TASK PROMPT
Set the data below down again, exactly, with every picture left out.

GIVEN DATA
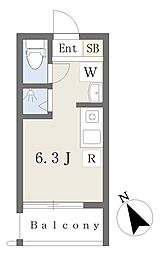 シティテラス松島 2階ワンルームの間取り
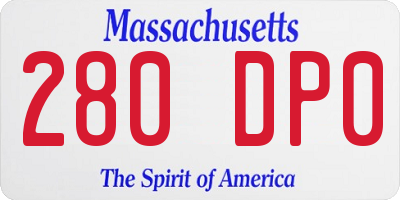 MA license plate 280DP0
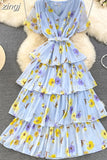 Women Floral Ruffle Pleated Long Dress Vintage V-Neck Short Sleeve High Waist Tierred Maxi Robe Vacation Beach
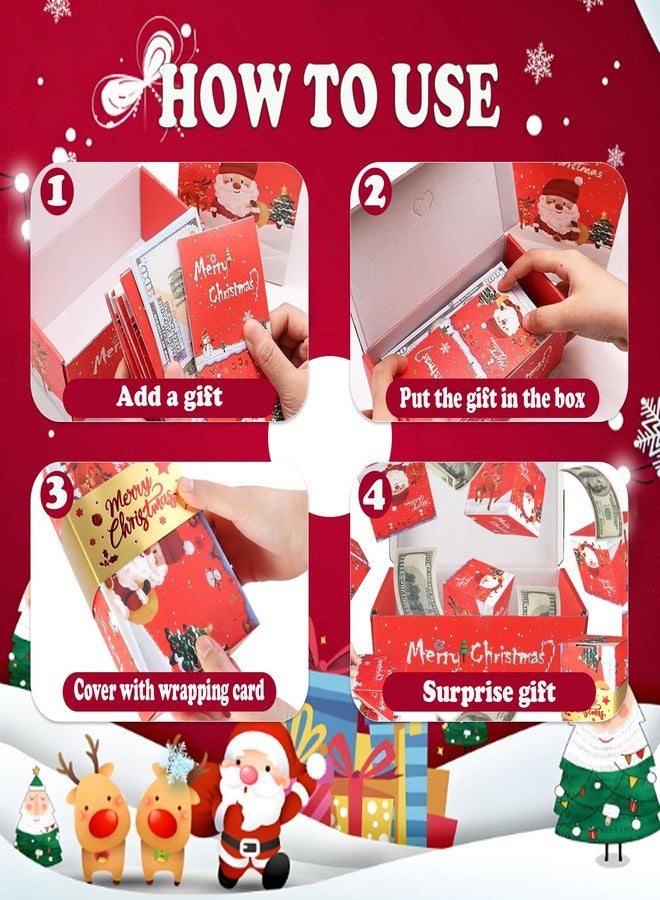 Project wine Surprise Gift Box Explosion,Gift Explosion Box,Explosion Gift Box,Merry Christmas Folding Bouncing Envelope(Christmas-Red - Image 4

RESULT
 シティテラス松島 2階ワンルームの間取り
 MA license plate 280DP0
 Women Floral Ruffle Pleated Long Dress Vintage V-Neck Short Sleeve High Waist Tierred Maxi Robe Vacation Beach
 Project wine Surprise Gift Box Explosion,Gift Explosion Box,Explosion Gift Box,Merry Christmas Folding Bouncing Envelope(Christmas-Red - Image 4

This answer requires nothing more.